Offen, kompetent, professionell.
Neben Ihrer Funktion am Institut und der Professur an der OVGU und sind Sie Mitglied in zahlreichen Gremien, darunter der Digitalrat des Landes Sachsen-Anhalt. Wie könnten in Zukunft Synergien mit dem Fraunhofer IVI entstehen?
Angesichts der großen Wirkkraft der Arbeit des Fraunhofer IVI auf Regional-, Bundes- und Landesebenen sehe ich es als meine Aufgabe an, die Beiträge des Fraunhofer IVI in all diesen Strukturen aktiv bekannt zu machen.

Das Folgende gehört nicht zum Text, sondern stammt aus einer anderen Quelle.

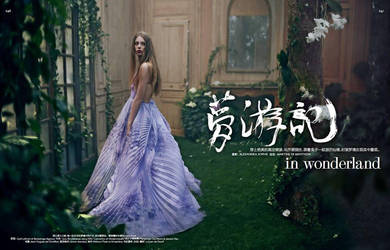 VOGUE CHINA - In wonderland by AlexandraSophie
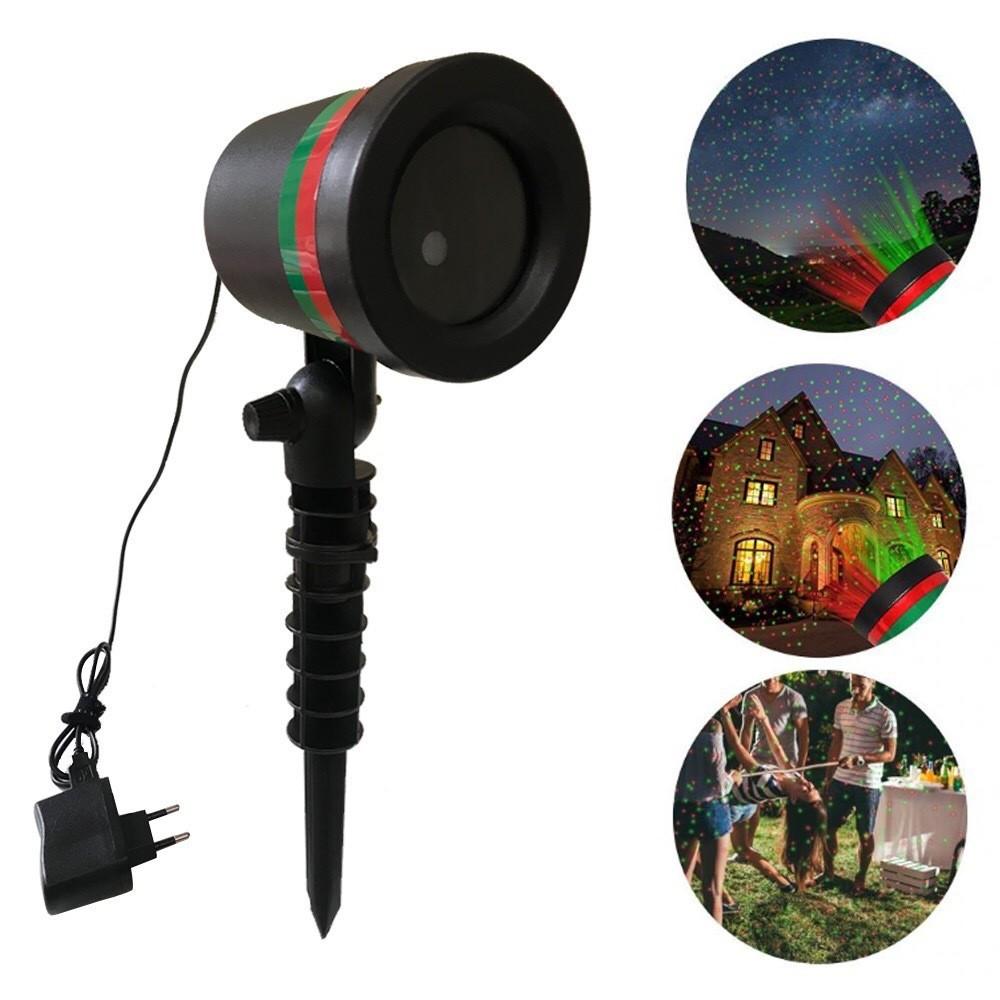 Outdoor Lawn Laser Light Colorful Garden Starry Sky Stage Light With Plastic Material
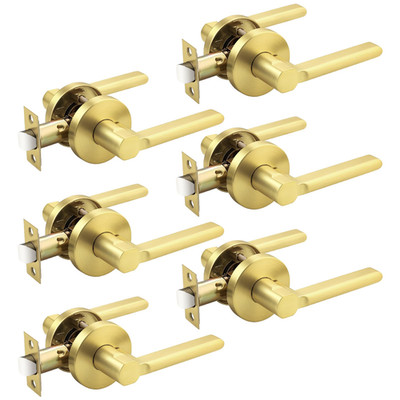Probrico Brushed Gold Door Handles Interior Closet Door Handle Gold Passage
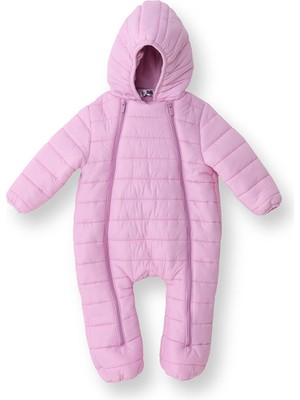 Hellobaby Kız Bebek Astronot Tulum Fermuarlı Bisiklet Yaka Uzun Kol Lastikli Paça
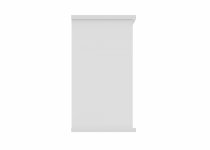 Office Bookcase | 730h x 800w x 400d mm | 1 Shelf | Arctic White | Everyday VALUE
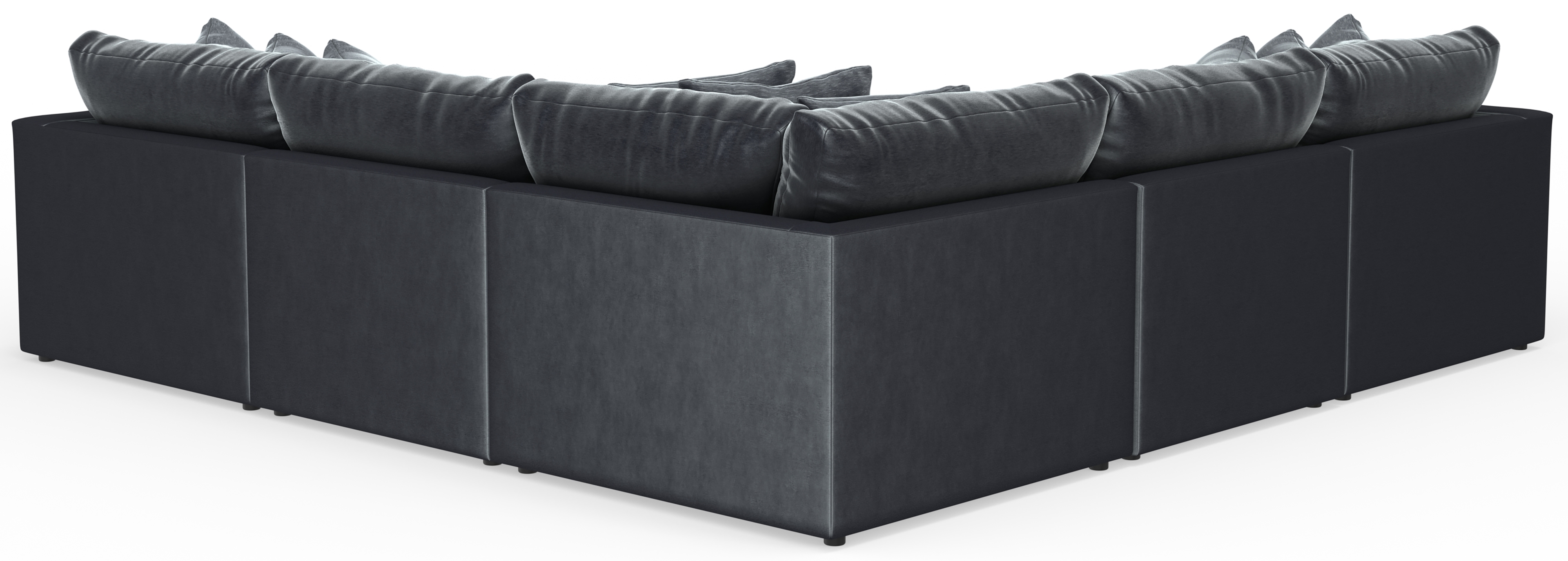 Jackson Furniture Remington 5-Piece Sectional Sofa with Cocktail Ottoman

Mit den Kooperationen haben wir bereits begonnen. Beispielsweise beabsichtigen wir, die Zusammenarbeit mit dem Land Sachsen-Anhalt zu intensivieren. Im März 2025 besuchte uns im Zuge dessen der Staatssekretär hier am Institut in Dresden. Bei unserem ersten Treffen wurden fünf Themen für zukünftige Kooperationen identifiziert. Es geht also recht gut voran. Die enge Vernetzung meiner eigenen lngjährig Gremientätigkeit mit den am Institut etablierten Plattformen der fachlichen Zusammenarbeit ist ein Ziel, das mir persönlich ganz besonders am Herzen liegt.